** THE DATA follows **

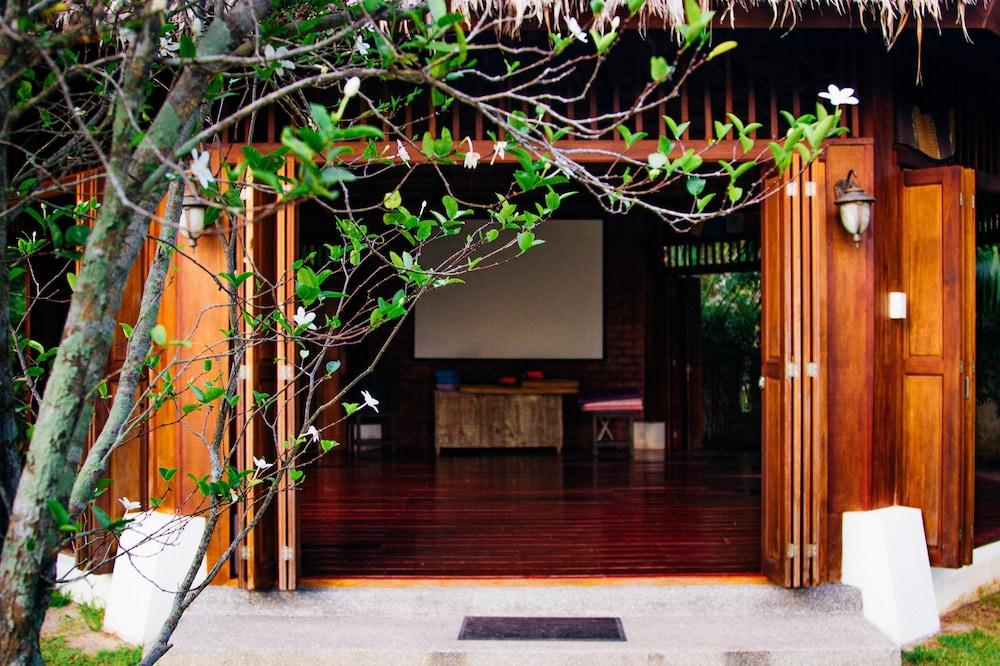Easy Time Resort Laem Sai Beach Bagian luar foto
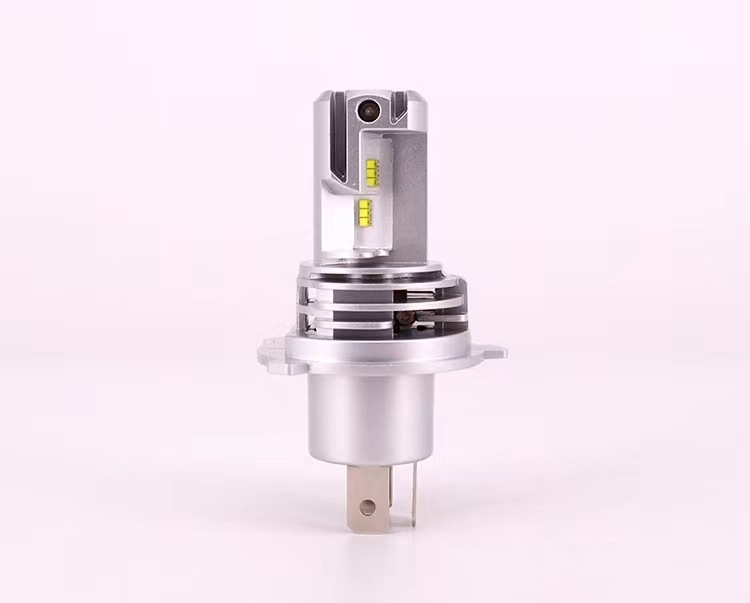 Auto LED priekšējie lukturi ar integrētu tālo un tuvās gaismas un lāzera priekšējo lukturu funkciju, 30W, 12-24V, 12000 lm, 30000 h, modelis M3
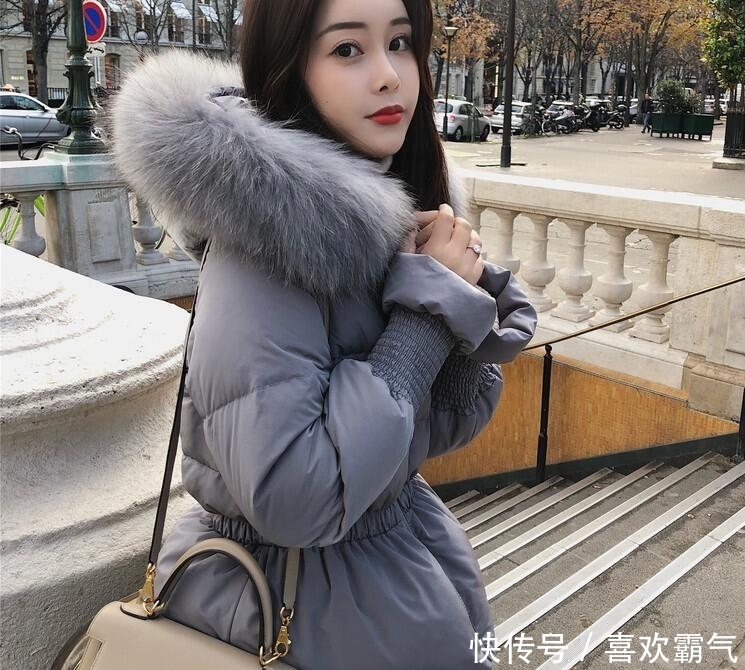 建议大家:羽绒服就买下面这颜色的,保暖还显年轻,几年不过时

** End of THE DATA **

ACTIVITY = Restate word for word only the lines from the one with "Auto LED priekšējie" through the last line of the material, both included. Any picture should be left out.

PROBLEM SOLUTION =
 Auto LED priekšējie lukturi ar integrētu tālo un tuvās gaismas un lāzera priekšējo lukturu funkciju, 30W, 12-24V, 12000 lm, 30000 h, modelis M3
 建议大家:羽绒服就买下面这颜色的,保暖还显年轻,几年不过时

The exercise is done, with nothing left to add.